Conchita majestically descended the stairs and went toward the captain of the Civil Guard to give him the holy cross to kiss. Unexpectedly she turned and again walked toward these two men and held the crucifix in front of them. Once again they refused to kiss it! The onlookers were both indignant and scandalized. The girl suddenly came out of the trance, and everyone could see the most obstinate of the two trembling as if he were in pain. He went to hide in a corner where some of the young boys followed him,
— Father X, what has happened? — Let me alone, let me alone. Finally he confessed:
— You have seen how I refused the crucifix that the girl offered me . . . Well, after finally kissing it, I mentally asked God for proof: "My Lord, if all this that is happening is truly supernatural, let the girl come to me another time and let her ecstasy stop immediately; thus I will be able to believe." You see what happened.
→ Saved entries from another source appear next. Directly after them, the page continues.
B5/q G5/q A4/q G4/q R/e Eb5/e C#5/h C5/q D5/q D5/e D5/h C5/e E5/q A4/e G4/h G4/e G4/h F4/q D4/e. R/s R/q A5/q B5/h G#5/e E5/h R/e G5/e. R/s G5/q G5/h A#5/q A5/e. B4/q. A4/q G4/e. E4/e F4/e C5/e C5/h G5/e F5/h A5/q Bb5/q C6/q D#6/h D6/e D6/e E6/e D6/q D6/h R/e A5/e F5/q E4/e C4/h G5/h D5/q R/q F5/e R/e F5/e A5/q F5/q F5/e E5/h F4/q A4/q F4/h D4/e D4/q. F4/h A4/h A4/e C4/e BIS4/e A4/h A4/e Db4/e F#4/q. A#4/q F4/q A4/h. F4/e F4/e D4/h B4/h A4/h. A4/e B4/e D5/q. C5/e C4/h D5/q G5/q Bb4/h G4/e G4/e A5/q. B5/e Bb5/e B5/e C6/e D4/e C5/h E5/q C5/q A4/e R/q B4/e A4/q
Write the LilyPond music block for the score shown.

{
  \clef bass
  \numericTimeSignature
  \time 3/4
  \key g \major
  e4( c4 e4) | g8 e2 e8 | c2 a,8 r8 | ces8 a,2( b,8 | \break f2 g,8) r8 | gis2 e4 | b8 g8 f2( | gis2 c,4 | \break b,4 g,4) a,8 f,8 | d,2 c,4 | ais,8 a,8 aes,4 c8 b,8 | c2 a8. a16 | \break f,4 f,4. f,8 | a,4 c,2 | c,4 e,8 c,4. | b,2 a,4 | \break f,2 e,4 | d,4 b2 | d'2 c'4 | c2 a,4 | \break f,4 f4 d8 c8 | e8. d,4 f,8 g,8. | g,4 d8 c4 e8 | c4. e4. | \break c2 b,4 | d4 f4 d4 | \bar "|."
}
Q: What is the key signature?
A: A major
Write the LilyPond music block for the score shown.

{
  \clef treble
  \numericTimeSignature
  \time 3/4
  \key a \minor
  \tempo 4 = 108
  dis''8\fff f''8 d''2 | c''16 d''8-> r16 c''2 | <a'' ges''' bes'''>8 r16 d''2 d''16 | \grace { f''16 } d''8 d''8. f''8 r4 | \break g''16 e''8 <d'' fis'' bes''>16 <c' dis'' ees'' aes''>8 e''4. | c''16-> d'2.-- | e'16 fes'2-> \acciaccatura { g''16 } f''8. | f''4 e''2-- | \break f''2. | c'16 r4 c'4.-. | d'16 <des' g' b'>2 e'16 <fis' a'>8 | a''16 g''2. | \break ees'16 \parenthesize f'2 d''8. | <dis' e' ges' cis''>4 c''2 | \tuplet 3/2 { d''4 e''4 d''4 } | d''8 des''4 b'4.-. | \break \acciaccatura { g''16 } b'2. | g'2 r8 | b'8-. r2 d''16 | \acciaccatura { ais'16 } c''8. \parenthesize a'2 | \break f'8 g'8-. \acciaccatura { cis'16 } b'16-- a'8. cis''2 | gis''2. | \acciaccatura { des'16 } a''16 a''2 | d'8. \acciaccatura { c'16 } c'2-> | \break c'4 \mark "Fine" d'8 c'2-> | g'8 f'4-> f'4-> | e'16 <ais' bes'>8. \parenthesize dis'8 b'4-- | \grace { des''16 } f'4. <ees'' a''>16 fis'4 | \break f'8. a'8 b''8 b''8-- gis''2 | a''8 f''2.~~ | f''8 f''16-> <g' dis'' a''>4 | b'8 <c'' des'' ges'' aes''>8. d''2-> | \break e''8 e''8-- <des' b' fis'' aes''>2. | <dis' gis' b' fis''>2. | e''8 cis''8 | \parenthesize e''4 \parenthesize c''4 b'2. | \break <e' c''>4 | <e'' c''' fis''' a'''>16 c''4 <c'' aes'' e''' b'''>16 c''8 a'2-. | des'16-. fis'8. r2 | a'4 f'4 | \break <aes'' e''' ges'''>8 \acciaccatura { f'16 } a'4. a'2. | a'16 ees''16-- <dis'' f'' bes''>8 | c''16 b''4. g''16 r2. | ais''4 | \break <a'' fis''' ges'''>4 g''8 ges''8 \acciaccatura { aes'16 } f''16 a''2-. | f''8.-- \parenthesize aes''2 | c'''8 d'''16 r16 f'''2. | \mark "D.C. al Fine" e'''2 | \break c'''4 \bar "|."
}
Don't ask me anything more.
Those two men who attracted attention by their attitude were priests; one of them appears to have been a pastor in Turón, the big mining center in Asturias.
Of course we can seek signs from God; but we do not have the right to demand them according to our pleasure. If He condescends, praise be to His name!
In this case there was still more. Conchita, once the ecstasy had ended, had no reason to stay in that spot during the late hours, so she took the street to her home. But she had hardly left the plaza when she went into ecstasy again . . . And once again the people gathered around her. Our difficult priest still desired more than what he had received, and requested in his mind: If the girl comes to me because she knows supernaturally that I am a priest, let her prove it to me, and let her give me the crucifix to kiss again, and let her make the sign of the cross several times over me (something that she had not done with anyone else).
The girl's response to this new and most secret demand was marvelous, satisfying the minister of God who was acting so much like St. Thomas on that unforgettable night in Garabandal.
It is not unusual that God gives even more than what is asked from Him, and this happened to the man whom no one knew. Seeing other persons offering the girls (at the time of farewell) cards and photographs for them to sign, he also presented one . . . And he could later read a dedication on it with a clear mention of his priestly state.